Proposed telephone keypad layouts, as described by R. L. Deininger in Human Factors Engineering Studies of the Design and Use of Pushbutton Telephone Sets.

These are the seventeen candidate keypads that Bell considered in the years leading up to the unveiling of their new Touch-Tone handsets. Taken from a 1960 paper named Human Factors Engineering Studies of the Design and Use of Pushbutton Telephone Sets, written by one R. L. Deininger, these layouts were tested for speed, accuracy and preference by test cohorts composed of randomly selected Bell Labs employees.2

Five layouts were chosen as being especially promising in terms of speed, accuracy, and preference among the test cohorts: IV-A (“three-by-three plus one”); II-A (two horizontal rows); IV-B (two vertical columns); VI-C (“telephone”), and I-C (“speedometer”). Of these, the grid-like “three-by-three plus one” layout was selected for further study by dint of possessing “certain engineering advantages”; though Deininger does not spell it out, those advantages must surely have boiled down to simplicity with which its buttons could be made to actuate the oscillators that generated their characteristic tones.

What I find intriguing about all this is that the ‘*’ and ‘#’, the auxiliary keys that we now take for granted on our telephone keypads, are utterly absent from this otherwise comprehensive experiment. Where would they have ended up if, say, the “speedometer” or “telephone” layout had been selected? Would the number keys now be found orbiting the “little star” of the asterisk, held in place by the gravity of the pound sign? Or would they have been relegated to the bottom of the telephone like an especially terse, cryptic footnote?

For more on this story, head over to the Numberphile YouTube channel for their illuminating video on Bell Labs’ work on telephone keypad layouts. As a bonus, listen out for a particularly entertaining anecdote about how the head of their Human Factors department settled on the minimum acceptable length of telephone cords. It’s well worth watching!


In other (and slightly belated) news, last month Peter Robinson wrote an opinion piece for The Guardian on the interrobang, describing it as “the ultimate symbol to express excitement and outrage in our shockaholic era.” I’m reminded of Remington Rand’s description of the mark as they prepared to make it available on their typewriters back in 1968:

[…] Interrobang is already receiving favorable comments from typographers who are said to commend it for its ability to express the incredibility of modern life.3

If the “incredibility” of our “shockaholic” era continues to increase apace, soon there will be no punctuation capable of expressing it.
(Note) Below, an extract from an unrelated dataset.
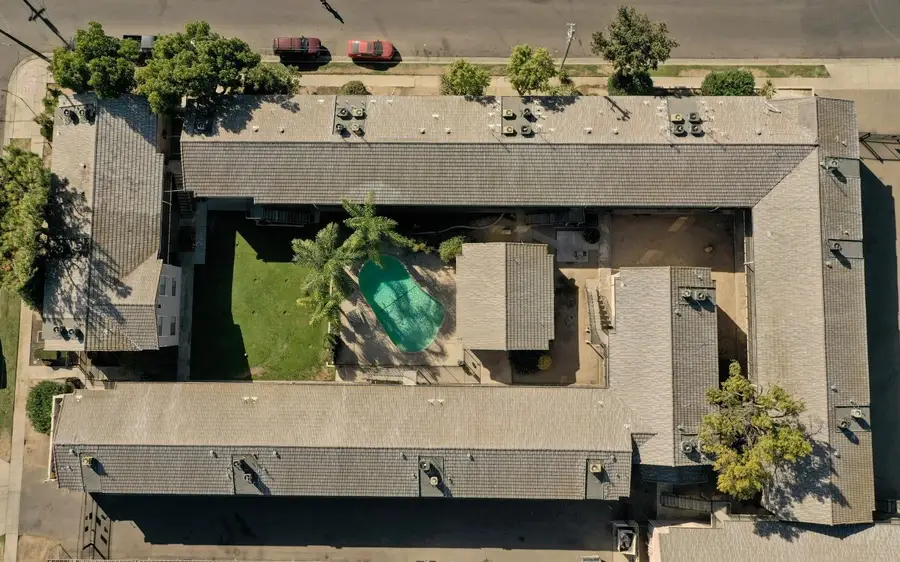 1905 E Pontiac Way, Fresno, CA 93726 - #3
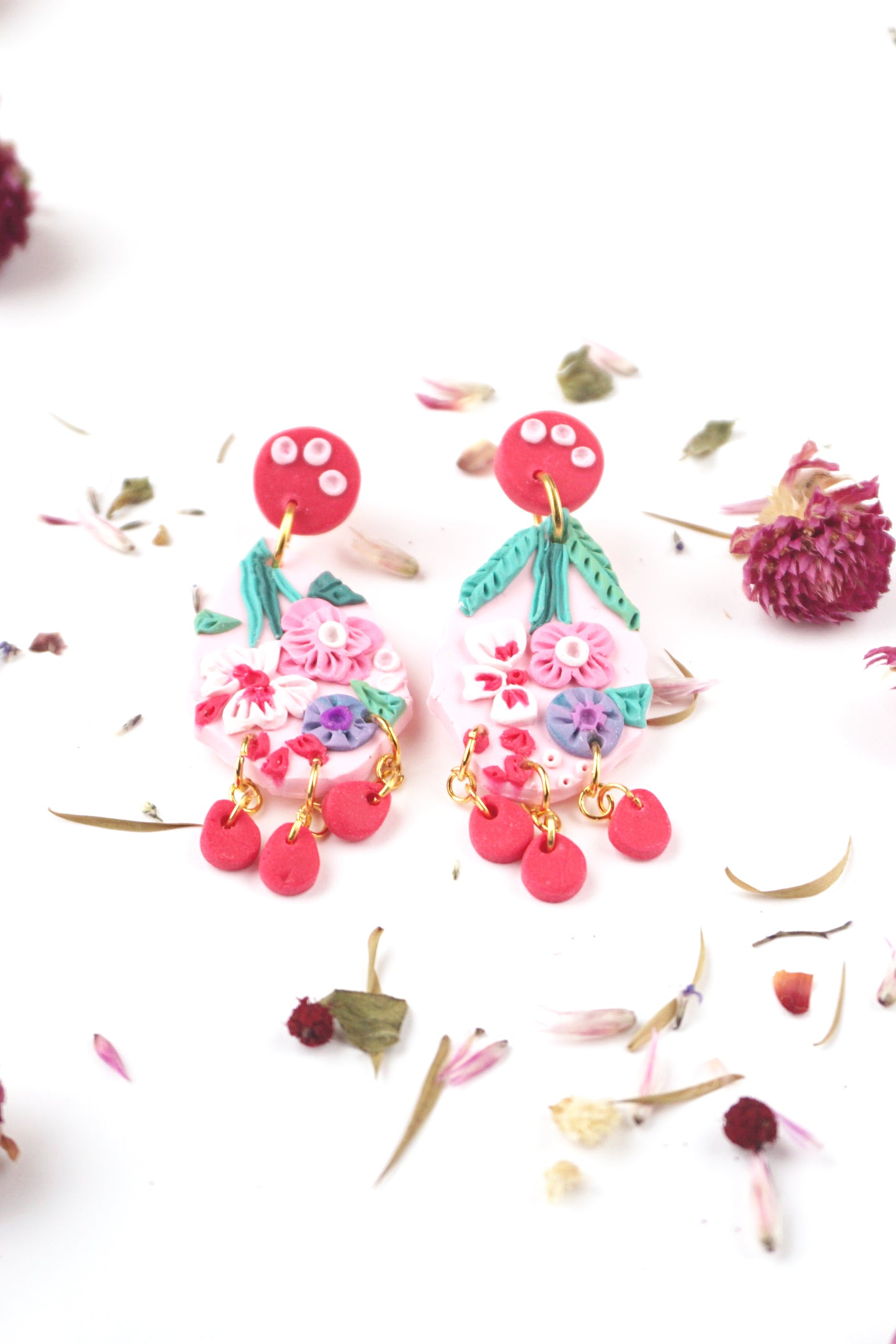Floral dangle earrings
Joking aside (or not), Robinson does come up with the best use of the interrobang since the WSJ’s “Who forgot to put gas in the car‽”,4 writing: “Elsewhere, ‘I Can’t Believe It’s Not Butter!’ could rebrand as, simply, ‘Butter‽’ ”

In a happy coincidence, Conrad Altmann, a long-time friend of this blog, has posted a stylish new interrobang T-shirt for your consideration on Cotton Bureau. If you’d like to help Conrad see his shirt printed, head over there to reserve one for yourself.

Thanks for reading!

1.
Schenker, L. “Pushbutton Calling With a Two-Group Voice Frequency Code”. The Bell System Technical Journal, January 1960, 235-255.

 

2.
Deininger, R. L. “Human Factors Engineering Studies of the Design and Use of Pushbutton Telephone Sets”. Bell System Technical Journal 39, no. 4 (July 29, 1960): 995-1012. https://doi.org/10.1002/j.1538-7305.1960.tb04447.x.

 

3.
Kerney, John E. “Interrobang Is Newest Mark Of Punctuation”. Univac News.

 

4.
Wall Street Journal. “The Missing Symbol.”

 

19 comments on “Miscellany № 38: the alternate history of the telephone keypad

  1. Comment posted by Bill M on

    Nice and informative. I have been around Bell & AT&T employees for as long as I can remember and none really knew the why of how the touch tone keypad was developed. I have always had (although I grew up with dial) a touch tone phone because the tones can be used for a myriad of control of remote devices.

    I would surely welcome wide spread use of the interrobang. I have stated for years I wish we had a way to exclaim a question with a punctuation mark. I use ?! or !? Until I found your blog I never knew the interrobang existed. I for one wish it were never removed from the typewriter.

    I have several old Remingtons yet none have the interrobang. Then I do not own a Royal Vogue (yet) either.

    Thanks for all your fine work.

    1. Comment posted by Keith Houston on

      Hi Bill,

      I’m amazed by the amount of work that went into developing the Touch-Tone keypad, but perhaps I shouldn’t be; AT&T / Bell Labs were clearly aware of their place in society and how pervasive their products and services were throughout it. As Przemysław mentions below, their design is now so ubiquitous that it’s a surprise to come across a keypad that doesn’t use it!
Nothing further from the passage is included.